You can have a good time, cut loose and burn off excess energy/frustration whatever without the need to stuff everything up, without pissing off everyone else in the area, without ruining things for everyone (including themselves). I know because I have done it and, remarkably, without the need for alcohol. In fact, I find that now no one seems able to have a good time without getting drunk or stoned. If you need to get off your face with brain pickling or bending organic compounds than are you really having fun?
Apart from the disappointment of the new restrictions and loss of the last free camp site I know of within two hours drive the weekend was most sucessful from the point of view of getting totally exhausted. Seven AM rise on Friday, get the camp gear out and start packing. Pick up No1 Son in Law at 11:00PM (he works late shift) and finish packing. Leave at 12:30Am and arrive at just after 2AM. Have fun sorting out the tent in the dark, like putting a jigsaw puzzle together. Get tent sorted out and find the ropes have all tangled together. Finally get the tent up and everything sorted just as the sky is lightening with dawn. Find something to throw together for eating whilst on a long hike, pack my back pack and discover someone has taken the rolls of film from my pack so leave the big Pentax behind.
Leave the campground just before sunrise to head round to Mt Barney and almost immediatly get waylaid with a spectacular sunrise.
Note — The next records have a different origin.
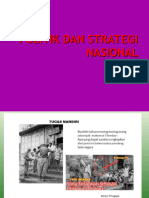 Politik Dan Strategi Nasional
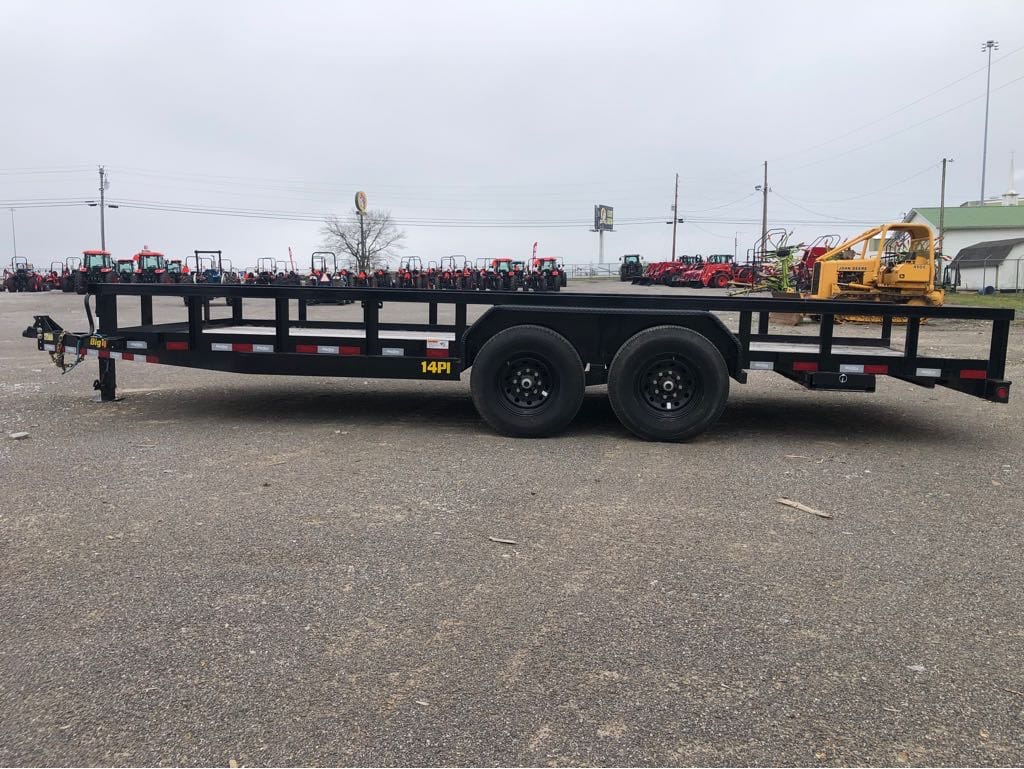 2022 Big Tex 14PI-20BK Equipment Image0
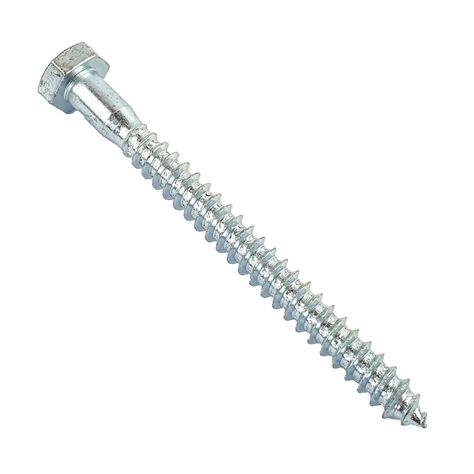 PACK 5 TIRAFONDO ZINC 5/16 X   3  1/2  ZINCADO-1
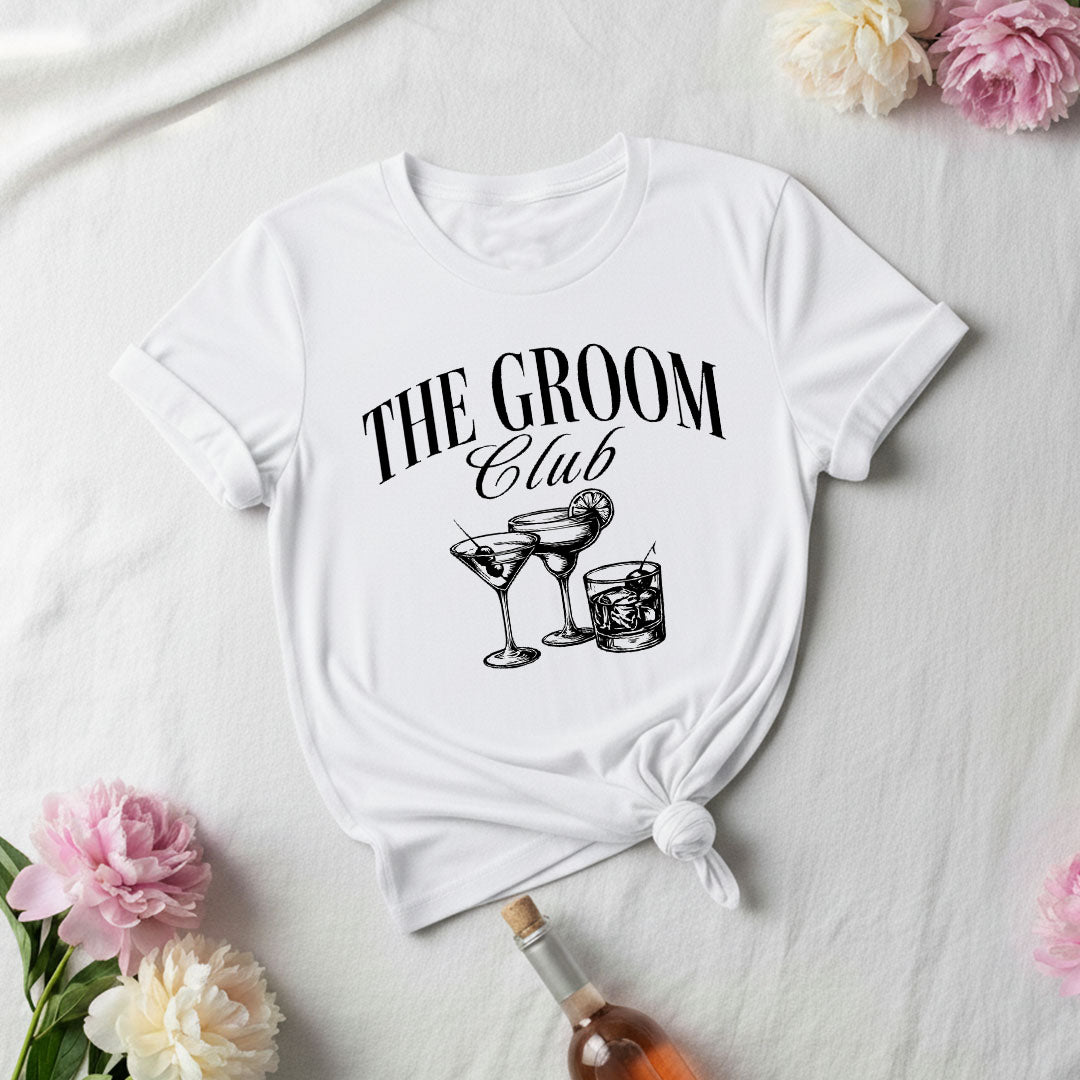 The Groom Club _ T-Shirt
Try out the new step rings with polarising filter, by the time I have the polariser in the right position I have missed the best of the sunrise and lost the delicate salmon pink sky. Get a few pics and head off, it is about half an hour drive from Waterfall Creek to Yellow Pinch (car park at Mt Barney), I finally arrived at Yellow Pinch at six, over an hour later (I only drove for about 35 to 40 minutes, ther rest of the time was trying to escape photographic opportunities).
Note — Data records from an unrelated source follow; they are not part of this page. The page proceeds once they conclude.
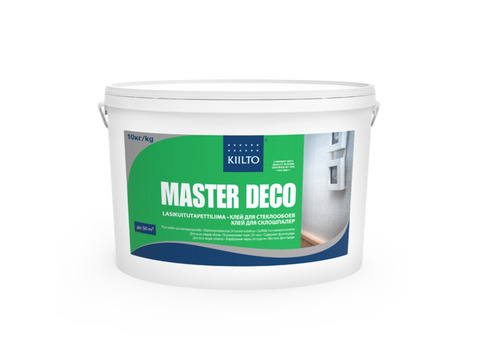 Kiilto Master Deco / Киилто Мастер Деко Клей для стеклообоев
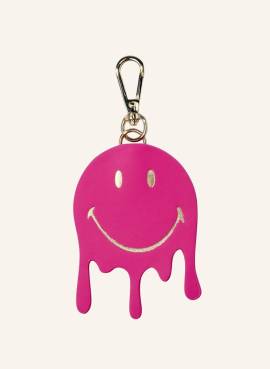 Weat Anhänger Smiley Drip pink von WEAT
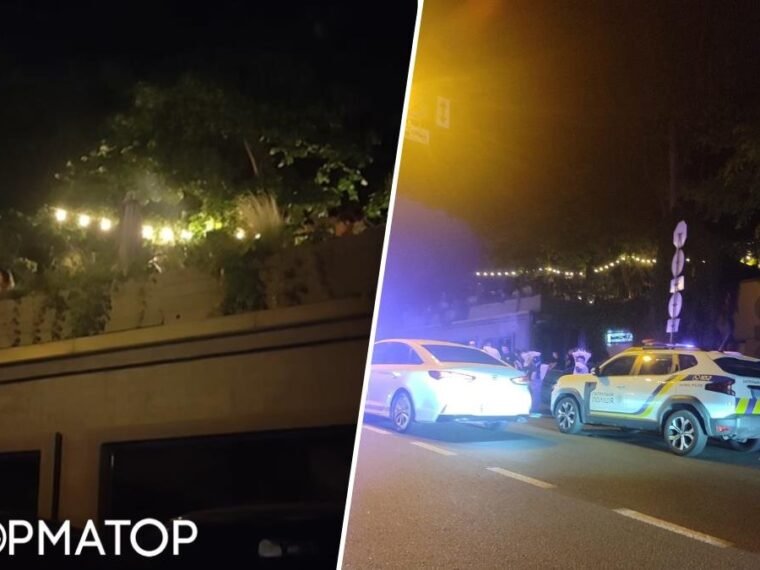 Поліція припинила гучну вечірку в клубі Hangover під час Дня жалоби в Києві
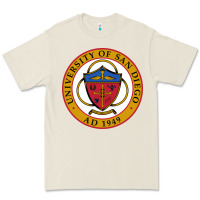Bone university of san diego Premium Tee - linhVisuals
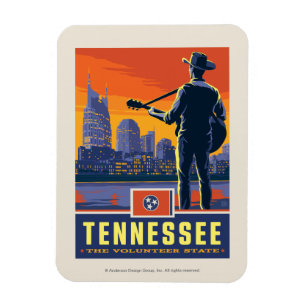 State Pride   Tennessee Magneet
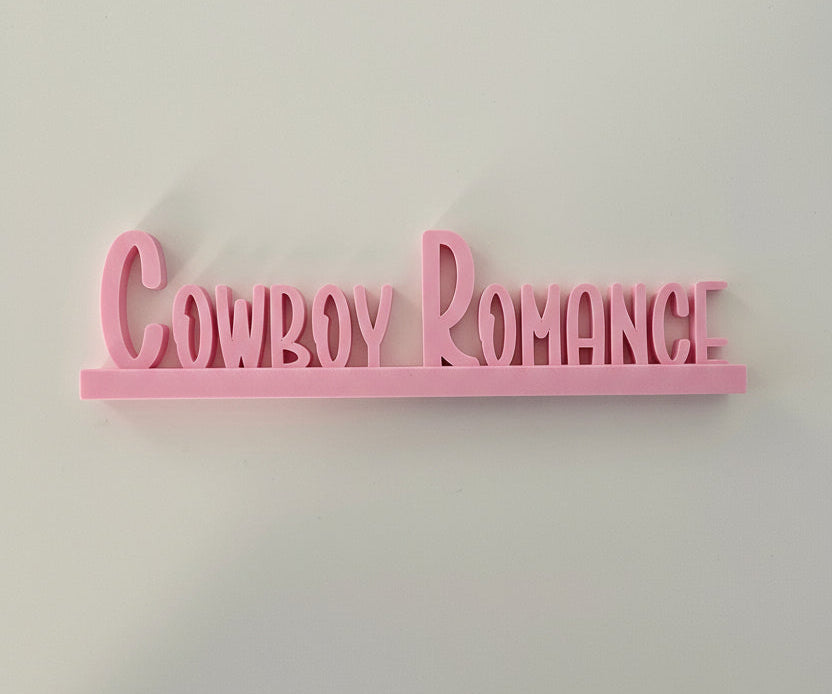 Cowboy Romance 3d print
This time I had no intention of climbing anything, I wanted to do the Cronan Creek track, an old road that apparently used to be the main road to Kyogle and was a forestry road up until 1947 when the area was made a national park. I reached the end of the track six and a half hours later, reasoning that as the return walk was almost all downhill and I had photographed everything on the way in the return walk should be much quicker - it was. For once I hobbled out of the park well before dark rather than my usual just before sundown. The return walk only took three and a half hours and that was with being a little tired from lack of sleep and sore feet. The whole walk was around 20 to 25km, not that far but I am seriously out of condition.
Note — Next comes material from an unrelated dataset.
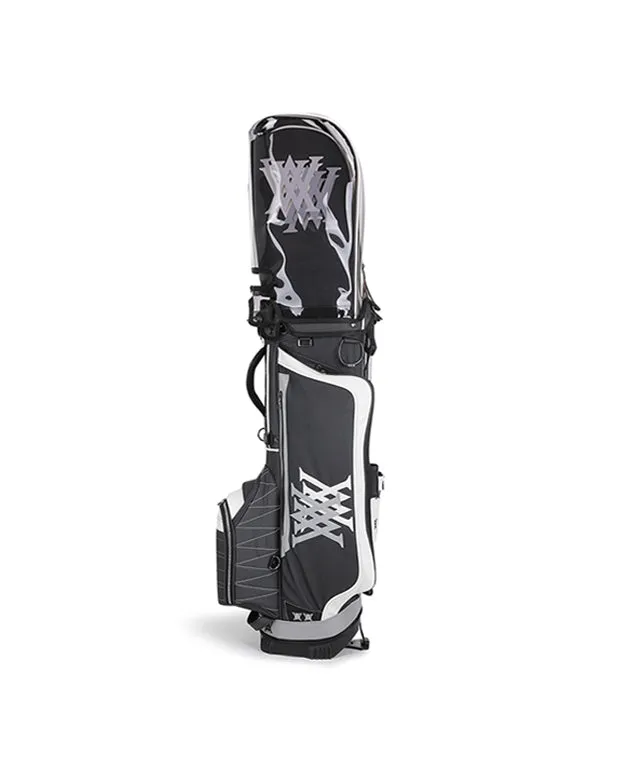 ANEW Golf: Double Logo Stand Bag - Black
Needless to say I am going to be busy for the next few days, I have several pictures I want to work on (hopefully finish at least one) and over 600 new photographs to sort through and post. AS advised by someone on DA I used a polarising filter for landscapes but I also found it to be very useful for even macro shots and just about everything inbetween. I have become an almost instant polarising filter lover. So, for those who are interested in things Australian keep an eye on this page for the next few days few days, there is a lot of material to be posted. There should be some great goanna shots thanks to two campsite goannas who were very accomodating for getting their pictures taken, a few more macropods but they weren't as accomodating, more flowers (of course), a sleeping Carpet Python (a big bugger too) and more insects who thought I was food (and some I managed to actually get a picture of who didn't).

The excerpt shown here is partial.